Chris Stedman is a gay atheist on a mission to find a common cause between the devout and the faithless. His compatriots aren’t buying it.

And while his own alienation from the conservative Christian sect to which he once belonged is a distant memory, it’s clearly still painful even now, as he’s working and living in the liberal enclave of Boston, where his days revolve around community-building and spending time with his boyfriend, Alex, an artist and photographer. Those early traumas left scars.

“I wouldn’t have gone through as much personal turmoil if people had more empathy for different values,” he says plainly. “I’d like to think that this work will result in people being able to be more openly different, to not experience the rejection of their communities or their loved ones just because they have a different understanding of the world.” To hear him talk is to realize that while his aims may be broad, his motivation is deeply personal.

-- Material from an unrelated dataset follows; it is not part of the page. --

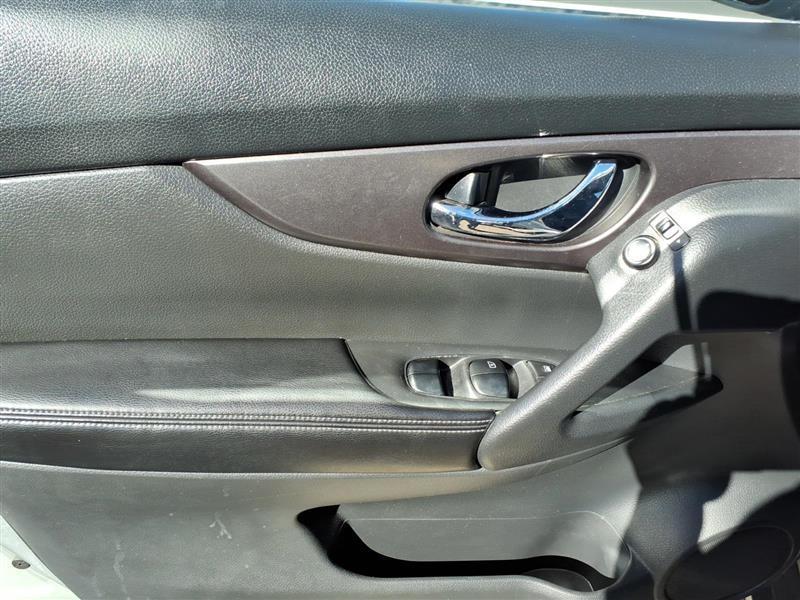 Nissan Rogue SV AWD 2015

And indeed, Stedman likes to tell a story about giving a speech early in his career and being met afterward by a young woman who wanted to speak to him. “She said that I had a demon inside me that was making me gay,” he says. “This was one of the first times I was doing a big public speaking thing, so I was nervous already, and she just happened to hit my trigger—that was the exact messaging that I had internalized when I was younger, the very same message that brought me years of misery.”

He grimaces. “But as I took a moment to pause, I noticed that she was nervous. She was shaking, actually. So what I said to her surprised even me—I don’t know where it came from—but I said, ‘I just want to thank you for coming up to me and being honest with me, and for being so brave. It’s not easy to tell someone something that you’re pretty sure they don’t want to hear, but what you think is important.’ She was so caught off-guard by that. I’m sure she was expecting a negative response or a confrontation. Instead, we had a pretty substantial conversation about my experiences.”

Laughing a little, Stedman shakes his head. “I would love to be able to say that she had a total change of heart and became, like, a gay rights activist. Of course, that didn’t happen. But I often wonder what seeds might have been planted that day. When she hears a minister preaching about gay people, or there’s a gay marriage initiative on the ballot—any time she thinks of those issues, she has another point of reference. She has to connect her ideas to a human experience, to a person she met, to stories that she heard. To somebody who has experienced being human.” He hesitates. “Just like she has.”